Extract each line of the material that follows exactly and omit its pictures.

■ **SUPPLIED MATERIAL**:

Content starts

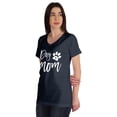 thumbnail image 4 of Inkmeso V-Neck Dog Mom Funny Graphic Tshirt For Women Cotton Shirt Mother Tee, 4 of 8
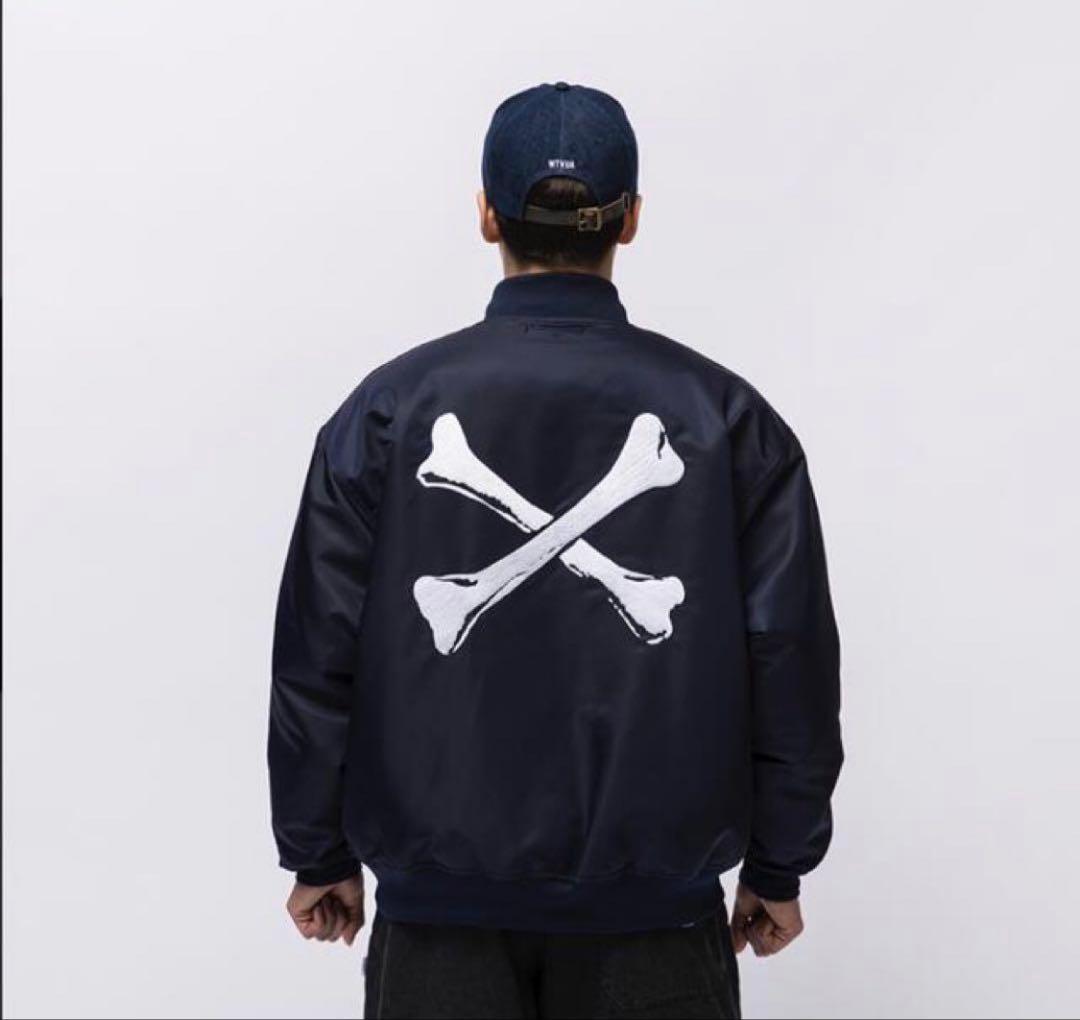 早い者勝ち WTAPS TEAM JACKET BK 04 XLクロスボーン
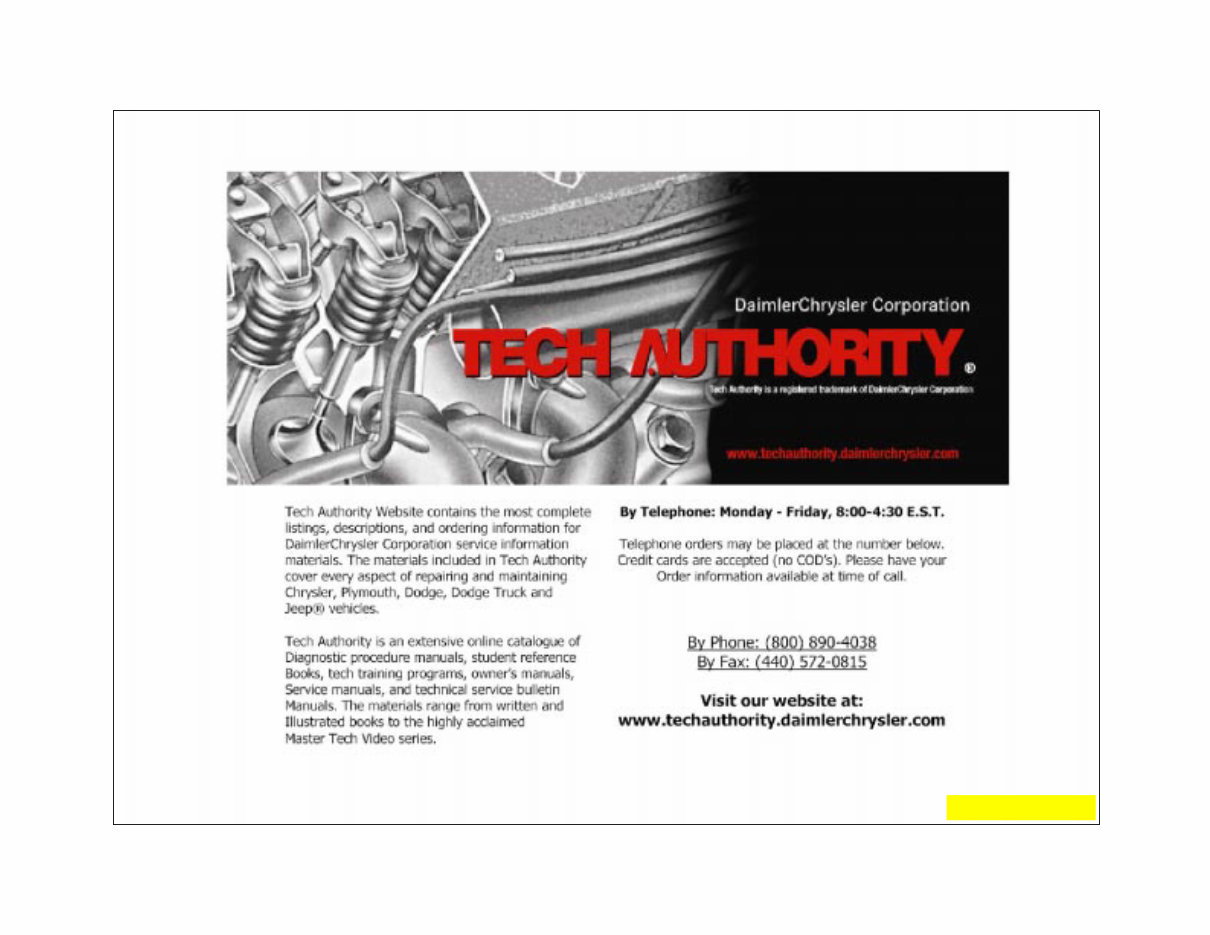 2007 Dodge Caliber Body Repair Manual preview img 10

Content ends

■ **TASK OUTPUT**:
 thumbnail image 4 of Inkmeso V-Neck Dog Mom Funny Graphic Tshirt For Women Cotton Shirt Mother Tee, 4 of 8
 早い者勝ち WTAPS TEAM JACKET BK 04 XLクロスボーン
 2007 Dodge Caliber Body Repair Manual preview img 10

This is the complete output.